Safe and sensible can have its advantages in the current climate, but could the stubborn reluctance of Nordic banks to dip their toes into the Middle East – something barely on the cards even before the Dubai debt crisis – leave Scandinavian bankers playing catch-up in the future?

The headlines emanating from the Emirate over the past few days have of course been dire but, in fact, many big international banks have been increasing their exposure in the region even during the crisis.

While Dubai remains the financial hub (for now), Credit Suisse is known to be doubling its Qatar team, while Morgan Stanley, Goldman Sachs and JPMorgan have all made hires in Gulf markets outside of Dubai recently.

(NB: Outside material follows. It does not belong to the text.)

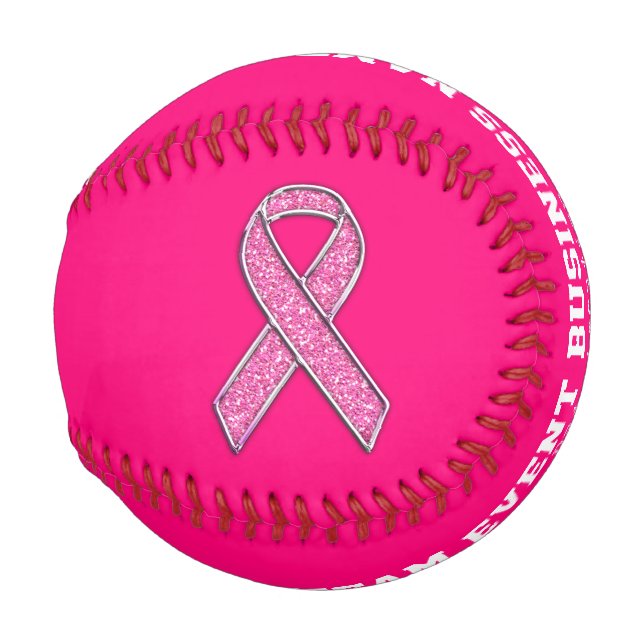 Personalised Chrome Like Pink Ribbon Awareness Baseball (Back Left)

Nomura and Bank of Tokyo Mitsubishi have launched Qatar operations during this year, while Barclays, Credit Suisse, Calyon, Nomura, Sociéte Générale and UBS have all also entered Saudi over the past 18 months.

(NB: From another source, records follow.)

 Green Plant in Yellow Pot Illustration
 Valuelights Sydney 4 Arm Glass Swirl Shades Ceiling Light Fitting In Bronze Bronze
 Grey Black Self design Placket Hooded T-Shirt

Nordic players, by comparison, appear to be most notable by their absence.

“Like many international banks, Nordic banks often practise ‘suitcase banking’, essentially serving their Middle East clients from abroad,” says Sven-Olaf Vathje, managing director of The Boston Consulting Group in Dubai.

As the banks have made clear since the crisis broke, their financial exposure in the region is not exactly vast either – with the woes of Dubai World unlikely to improve their appetite.

Nordea has said it has $19.8m invested in the emirate, predominantly in the form of lending to Nordic firms operating there, while Swedbank has said its exposure to the United Arab Emirates was less than SEK100m ($14.5m).

Handelsbanken has said it has no direct exposure, and DnB Nor has stressed it has lent nothing to Dubai World and that its exposure in Dubai totals $300m, or just 0.15% of its loan portfolio.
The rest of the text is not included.